_Aim of the task_.
Return the lines below exactly, please, from the one containing "İslam Mezhepleri Tarihi" through the last one, both included, and leave out any pictures.

++++++++

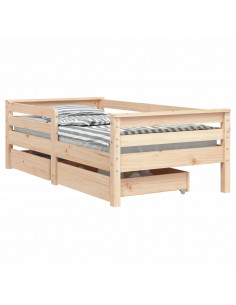 Giroletto Bambini con Cassetti 70x140 cm Legno Massello di Pino 2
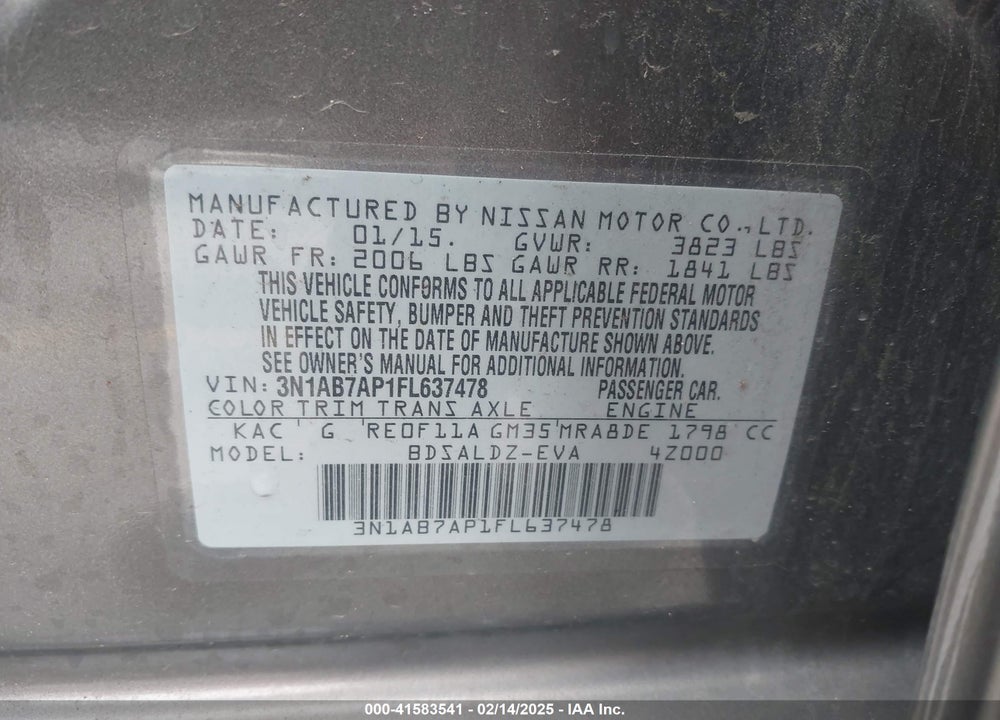 2015 NISSAN SENTRA SV VIN: 3N1AB7AP1FL637478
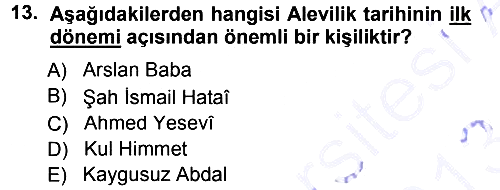 İslam Mezhepleri Tarihi 2012-2013 Dönem Sonu Sınavı - 13. soru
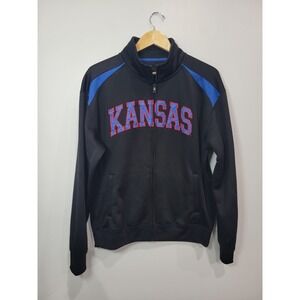 Campus Heritage Mens Kansas Jayhawks Full Zip Track Jacket Black Blue Size M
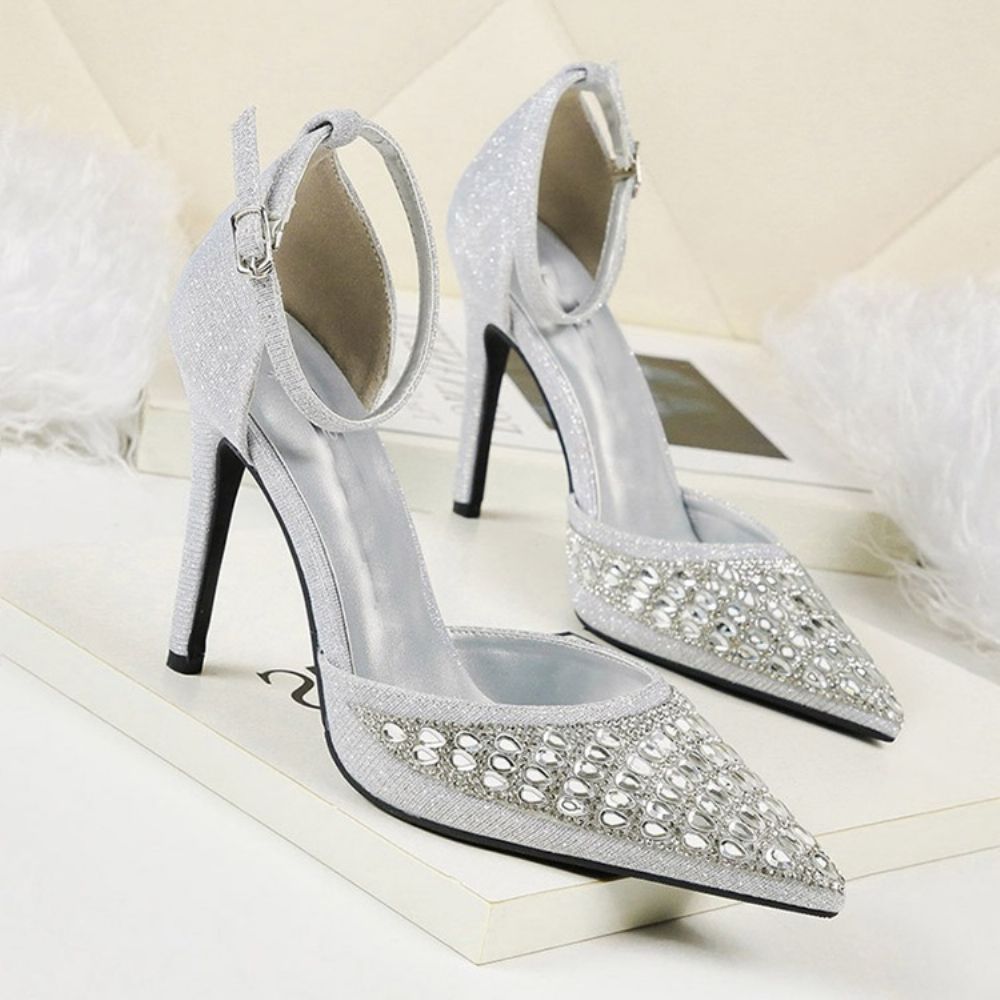 Strass Puntige Teen Gesp Naaldhak Dames Pumps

++++++++

_Your response_.
 İslam Mezhepleri Tarihi 2012-2013 Dönem Sonu Sınavı - 13. soru
 Campus Heritage Mens Kansas Jayhawks Full Zip Track Jacket Black Blue Size M
 Strass Puntige Teen Gesp Naaldhak Dames Pumps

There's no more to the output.